Source data:
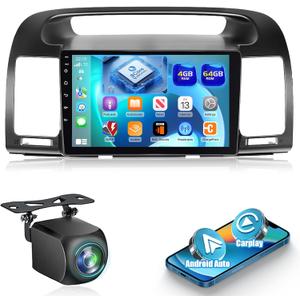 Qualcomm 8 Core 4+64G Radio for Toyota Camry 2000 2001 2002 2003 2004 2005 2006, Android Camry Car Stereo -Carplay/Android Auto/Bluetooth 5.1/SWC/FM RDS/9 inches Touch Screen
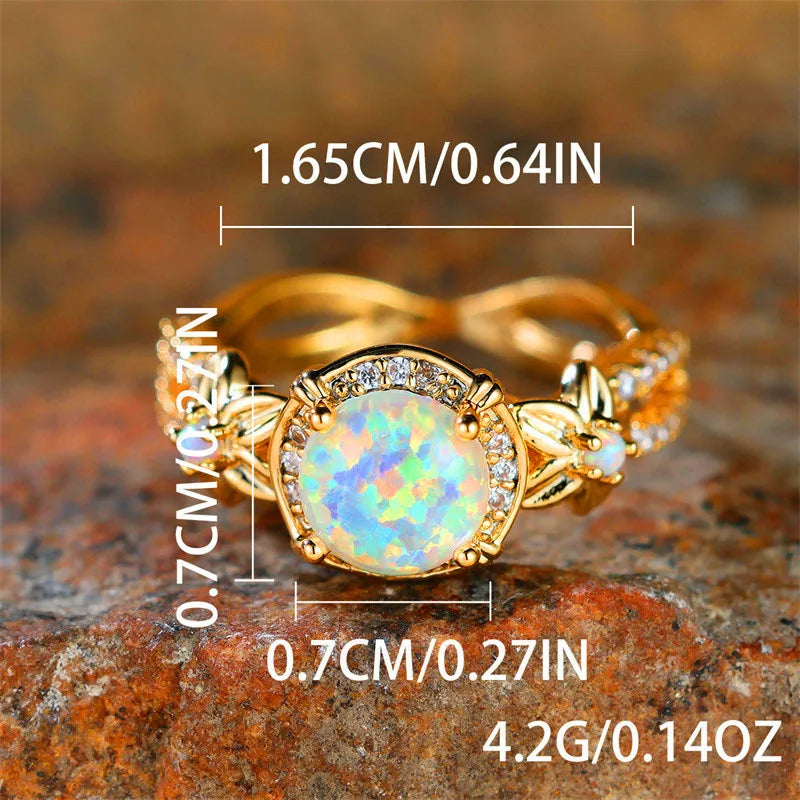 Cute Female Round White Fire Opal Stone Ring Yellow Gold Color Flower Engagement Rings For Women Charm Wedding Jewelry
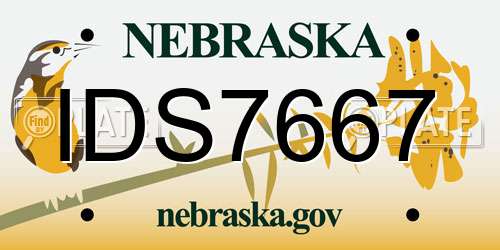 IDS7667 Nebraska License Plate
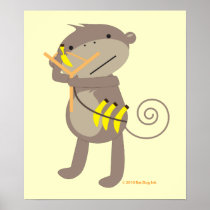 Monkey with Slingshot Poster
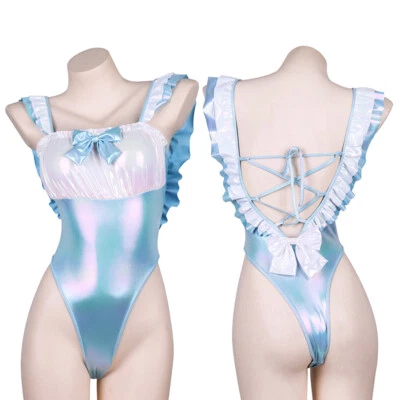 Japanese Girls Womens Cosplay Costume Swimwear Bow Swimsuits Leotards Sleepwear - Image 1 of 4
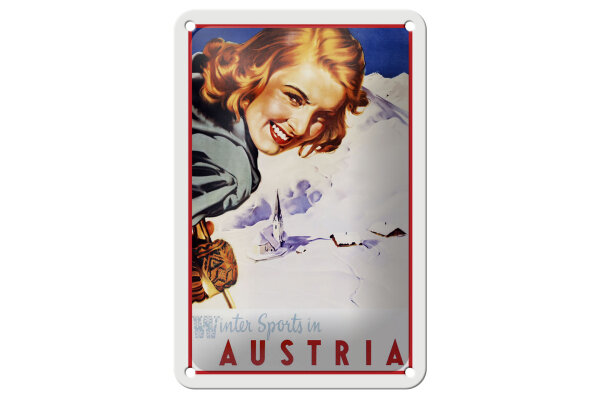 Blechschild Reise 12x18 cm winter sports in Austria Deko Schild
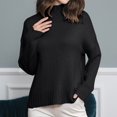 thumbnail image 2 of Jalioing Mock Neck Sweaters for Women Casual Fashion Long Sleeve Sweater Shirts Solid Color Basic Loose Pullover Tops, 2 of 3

WHAT NEEDS TO BE DONE: Could you reproduce exactly the lines from the one containing "Japanese Girls Womens" through the last line of the records, both included, leaving out the pictures?

TASK SOLUTION:
 Japanese Girls Womens Cosplay Costume Swimwear Bow Swimsuits Leotards Sleepwear - Image 1 of 4
 Blechschild Reise 12x18 cm winter sports in Austria Deko Schild
 thumbnail image 2 of Jalioing Mock Neck Sweaters for Women Casual Fashion Long Sleeve Sweater Shirts Solid Color Basic Loose Pullover Tops, 2 of 3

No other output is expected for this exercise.